Abstract: Timed automata were introduced in the early 1990s by Alur and Dill. They are probably the most widely used paradigm to model real-time systems. Using a regions graph construction, Alur and Dill showed that the language-emptiness problem for timed automata is decidable, but that the language-universality problem, and hence also language inclusion, is undecidable.

In this talk, I will discuss the language-universality problem for open timed automata (timed automata for which all invariant and enabling clock constraints are "open", as in x < 3 rather than x <= 3, etc.). This question (whether the problem is decidable or not) is described as open by Henzinger and Raskin in a 2000 paper. Surprisingly, it turns out that language-universality for open timed automata is decidable if the (dense) time domain is "weakly monotonic" (several events are allowed at the same time), and undecidable otherwise.

Time permitting, I will also present some related decidability and undecidability results for open and closed timed automata, as well as for robust timed automata. The interest in considering these more restricted classes is that, when certain conditions are met, digitisation algorithms can be invoked which significantly accelerate model checking.

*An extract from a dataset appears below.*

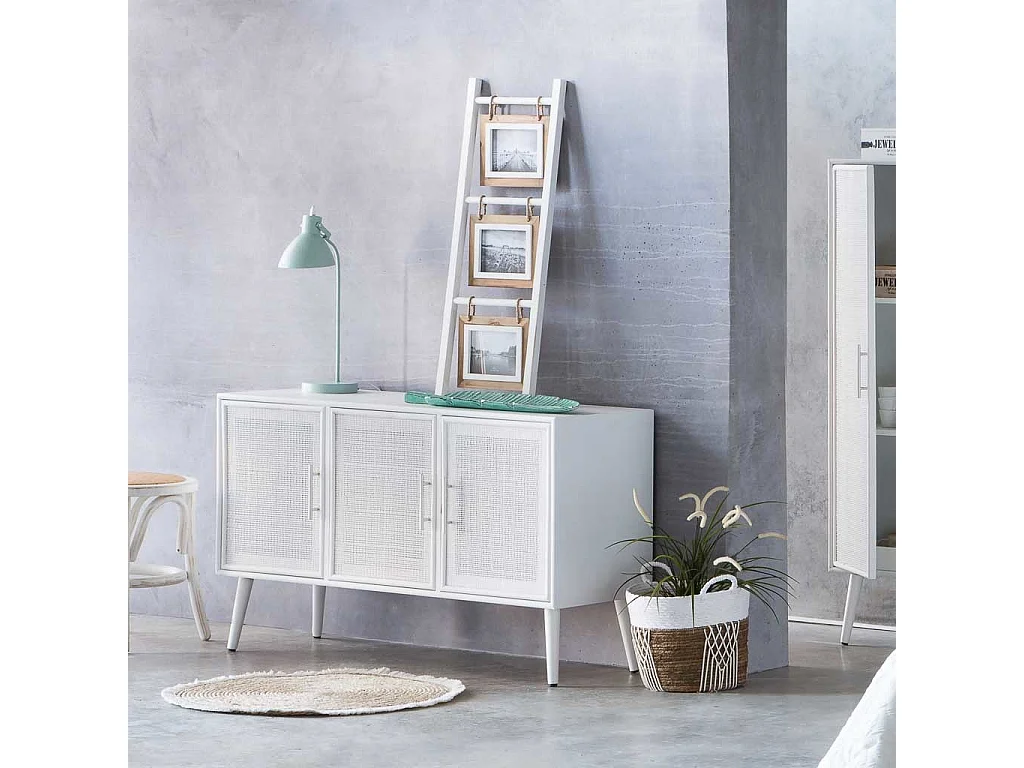 Aparador de madera y rejilla blanco 120x41.5x71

This is joint work with James Worrell.

CV: Joël Ouaknine has recently joined Ed Clarke's group as a postdoc. Prior to that he spent a couple of years as a postdoc/writing-up student with Mike Mislove at Tulane University. He received his PhD last year from Oxford, working with Mike Reed and Bill Roscoe on the relationship between discrete and continuous models for timed systems in CSP. His research interests include real-time and probabilistic systems, model checking, concurrency, semantics, and security.